Though the policy that governs relationships between bosses and subordinates within state government requires the disclosure of affairs like the one in which Frey was engaged, because he served as attorney general and was not a member of the executive branch, it was determined the policy didn’t apply. Lucky him.

Any ethical, rational thinking person would have disclosed a relationship like this soon after it began. But because Frey’s office is insulated by the Legislature, he faced no real consequences for his “error in judgement,” as he called it.
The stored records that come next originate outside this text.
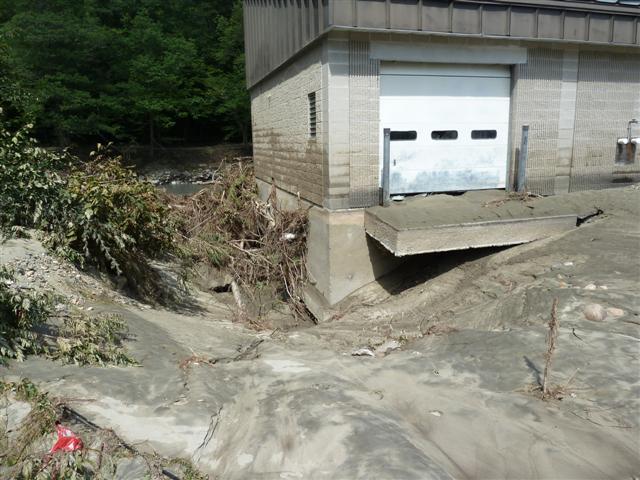 a white garage and a white fire hydrant in an empty area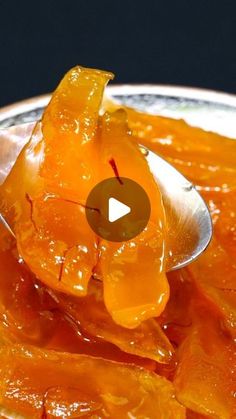 a spoon full of orange peels on top of a plate with a video playing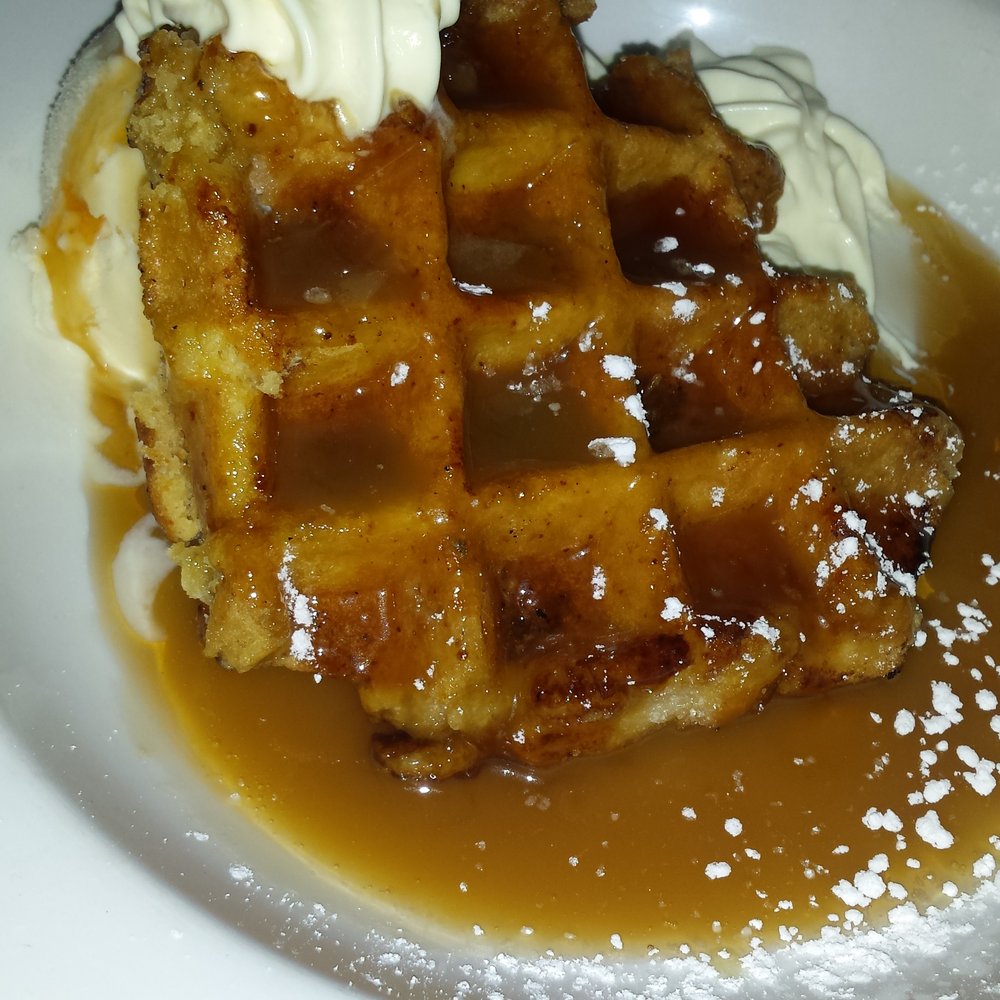 Waffles with butterscotch and maple syrup, ice cream and cream Waffles with butterscotch and maple syrup, ice cream and cream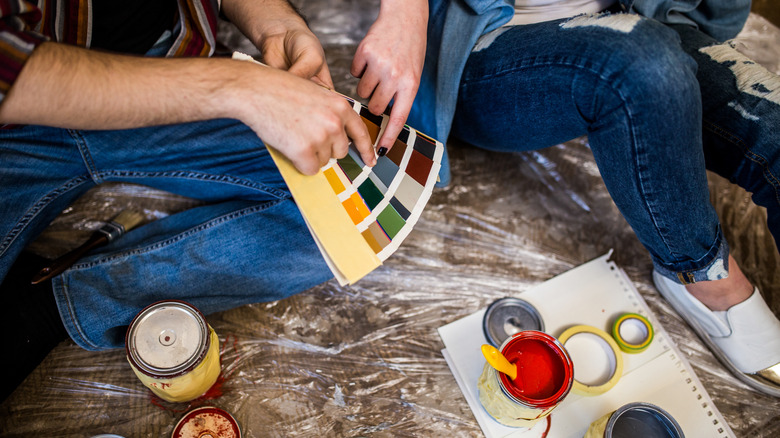 İki kişi renk renk örneklerine bakıyor ve bazı açık boya kutuları önlerinde oturuyor.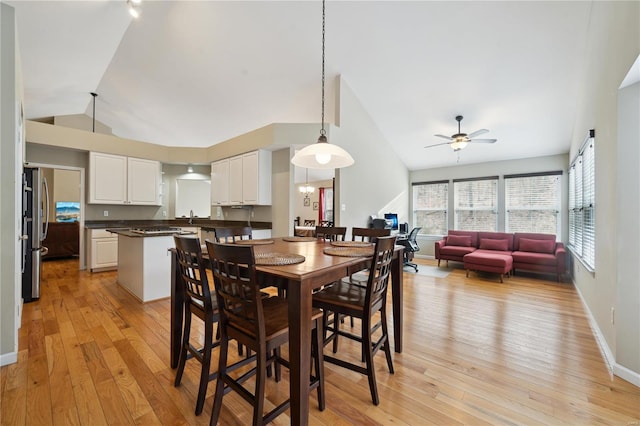 dining room featuring baseboards, vaulted ceiling, light wood finished floors, and ceiling fan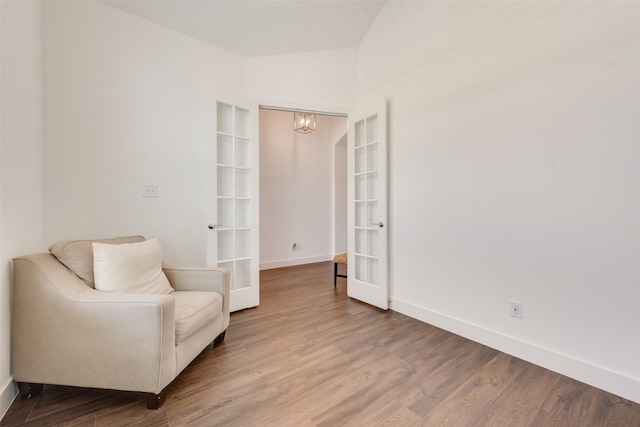 1124 Firecracker Dr, Justin, TX 76247 - sitting room with french doors, wood finished floors, baseboards, and a chandelier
Fast-forward to late December and the current secretary of state, Shenna Bellows — a hyperpartisan former lawmaker who also coincidentally served as a presidential elector for President Biden — deciding whether or not Biden’s chief opponent can have access to the ballot in Maine.

One has to wonder if Bellows would make the same decision if she was accountable to Maine voters rather than her friends in the Legislature. Better yet, one has to wonder if Bellows would be the secretary of state if the position were popularly elected. Considering her poor showing against Sen. Susan Collins in the 2014 election, she’s by no means a shoo-in among Maine voters.

At some point, we have to stop and ask ourselves why our constitutional officers are so seemingly surrounded by scandal and what we should do about it. For several consecutive legislative cycles, lawmakers have balked at, and flat-out rejected, attempts to allow Maine people to elect these offices. Frankly, whether it’s by popular election or gubernatorial appointment with Senate confirmation, either method is better than what Mainers get today.

Changing the way our state selects its constitutional officers is an idea whose time has come. These offices and the work they perform should be relatively uncontroversial. In Maine, it’s been anything but.